From examples like these, we gather that what was different about the Christian Paul was not that he had rejected his Jewish identity. So what exactly was different about Paul the Jew following his confrontation with the resurrected Christ? In 1 Corinthians 9:19-23, he gives us a clue. Speaking in some detail about his work as a Christian missionary, Paul writes:

Though I am free and belong to no man, I make myself a slave to everyone, to win as many as possible. To the Jews I became like a Jew, to win the Jews. To those under the law I became like one under the law (though I myself am not under the law), so as to win those under the law. To those not having the law I became like one not having the law (though I am not free from God's law but am under Christ's law), so as to win those not having the law. To the weak I became weak, to win the weak. I have become all things to all men so that by all possible means I might save some. I do all this for the sake of the gospel, that I may share in its blessings.

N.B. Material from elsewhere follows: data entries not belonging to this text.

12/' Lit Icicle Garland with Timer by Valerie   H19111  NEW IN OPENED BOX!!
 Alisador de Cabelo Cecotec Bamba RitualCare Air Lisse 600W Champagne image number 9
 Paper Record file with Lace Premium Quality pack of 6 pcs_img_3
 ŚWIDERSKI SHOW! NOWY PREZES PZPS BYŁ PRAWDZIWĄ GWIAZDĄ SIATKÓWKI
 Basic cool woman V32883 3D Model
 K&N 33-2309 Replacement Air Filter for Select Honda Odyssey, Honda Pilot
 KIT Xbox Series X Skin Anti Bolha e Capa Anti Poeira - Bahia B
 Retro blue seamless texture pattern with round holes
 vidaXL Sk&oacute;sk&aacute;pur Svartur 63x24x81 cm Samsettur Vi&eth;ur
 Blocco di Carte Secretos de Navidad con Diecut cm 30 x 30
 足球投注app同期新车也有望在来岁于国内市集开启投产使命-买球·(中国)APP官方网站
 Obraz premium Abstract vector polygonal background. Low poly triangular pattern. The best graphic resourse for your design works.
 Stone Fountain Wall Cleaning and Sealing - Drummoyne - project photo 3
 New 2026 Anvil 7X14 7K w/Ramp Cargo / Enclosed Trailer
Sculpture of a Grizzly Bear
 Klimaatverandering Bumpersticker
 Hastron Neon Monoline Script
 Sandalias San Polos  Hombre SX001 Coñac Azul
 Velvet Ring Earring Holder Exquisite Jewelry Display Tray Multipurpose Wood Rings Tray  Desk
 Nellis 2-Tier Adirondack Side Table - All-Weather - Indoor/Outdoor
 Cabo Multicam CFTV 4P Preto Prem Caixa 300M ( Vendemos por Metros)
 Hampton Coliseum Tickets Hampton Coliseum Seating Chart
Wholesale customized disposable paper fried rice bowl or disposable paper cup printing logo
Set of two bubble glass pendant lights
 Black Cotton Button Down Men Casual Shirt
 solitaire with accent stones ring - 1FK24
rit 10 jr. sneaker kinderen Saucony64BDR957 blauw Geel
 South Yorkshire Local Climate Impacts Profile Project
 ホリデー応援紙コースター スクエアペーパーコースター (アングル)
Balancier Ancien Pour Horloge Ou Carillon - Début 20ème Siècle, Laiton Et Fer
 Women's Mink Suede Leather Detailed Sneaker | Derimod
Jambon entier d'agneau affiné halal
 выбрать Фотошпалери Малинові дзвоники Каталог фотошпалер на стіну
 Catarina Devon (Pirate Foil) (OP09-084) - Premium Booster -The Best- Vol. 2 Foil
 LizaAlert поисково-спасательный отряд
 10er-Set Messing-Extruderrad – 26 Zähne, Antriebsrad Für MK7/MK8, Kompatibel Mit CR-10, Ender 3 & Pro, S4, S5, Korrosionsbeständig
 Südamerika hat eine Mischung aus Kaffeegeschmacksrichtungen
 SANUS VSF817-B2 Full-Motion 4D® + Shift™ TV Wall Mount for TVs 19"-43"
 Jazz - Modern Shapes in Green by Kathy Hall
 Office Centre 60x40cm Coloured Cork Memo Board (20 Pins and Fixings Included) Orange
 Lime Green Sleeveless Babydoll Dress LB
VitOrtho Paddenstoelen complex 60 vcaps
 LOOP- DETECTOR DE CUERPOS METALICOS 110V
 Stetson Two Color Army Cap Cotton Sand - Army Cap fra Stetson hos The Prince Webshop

Without any knowledge of the Book of Acts, one can gather from this passage that Paul is not only an apostle to the Gentiles, but that he also deals with fellow Jews. What he's discovered is that the most-effective approach is to play the part of a "cultural chameleon." Around Jews, says Paul, he is like a Jew. Around Gentiles, "those not having the law," he is like a Gentile.

Here, two telling disclaimers stand out. First, the Christian Paul no longer considers himself to be "under the law." Although he can be like one under the law of the Jewish Scriptures, he himself is not under such law. Which is not to say that Paul the Christian is somehow lawless. Knowing that his first disclaimer might be misunderstood, he adds that he certainly is under divine rule. Indeed he is "under Christ’s law."

It must have come as a shock when Paul’s fellow Jews understood that he no longer considered himself subject to Mosaic law. When asked why, he no doubt would have used the language of Philippians 3. Although Paul could easily confide in his adherence to Mosaic law—"as for legalistic righteousness, faultless"—he was eager to renounce all of that for "the surpassing greatness of knowing Christ" (see Philippians 3:1-11). Not that there was anything wrong with keeping the law. But there was something wrong with assuming that the mark of circumcision, and the observance of sabbath ordinances and dietary laws were not only important but even essential for the people of God in Christ.

Such a radical and unexpected break required Paul to employ in his explanations language that was equally radical and unexpected. This explains passages like Galatians 6:15. There Paul insists that what ultimately matters is that the perfect work of God in Jesus the Messiah had ushered in "a new creation," a time when and reality where the difference between circumcision and uncircumcision means nothing.

The work of God in Christ had so changed the way things are, the language of "a new creation" wasn't a stretch. An altered reality. A radically changed world. That's what was different.

[A good bit of this reflection was generated as I read Ben Witherington, The Paul Quest, pp. 53-69].

1 comment:

  1. Have you ever read Jacob Jervell's Luke and the People of God or his Theology of Acts? He offers some pretty unique insights about why Acts was written - to prove Paul was not a heretic, to show that Paul was not at odds with the Law, that it was not a Jewish rejection that led to the door opening to the Gentiles, rather a large-scale Jewish acceptance that led to it, among other things.

    I remember reading that book and thinking - yes, I have always heard this...and then watched him dismantle it in front of my eyes. It is also a fairly quick read. His work on John is not as good. I hope your John class is going well.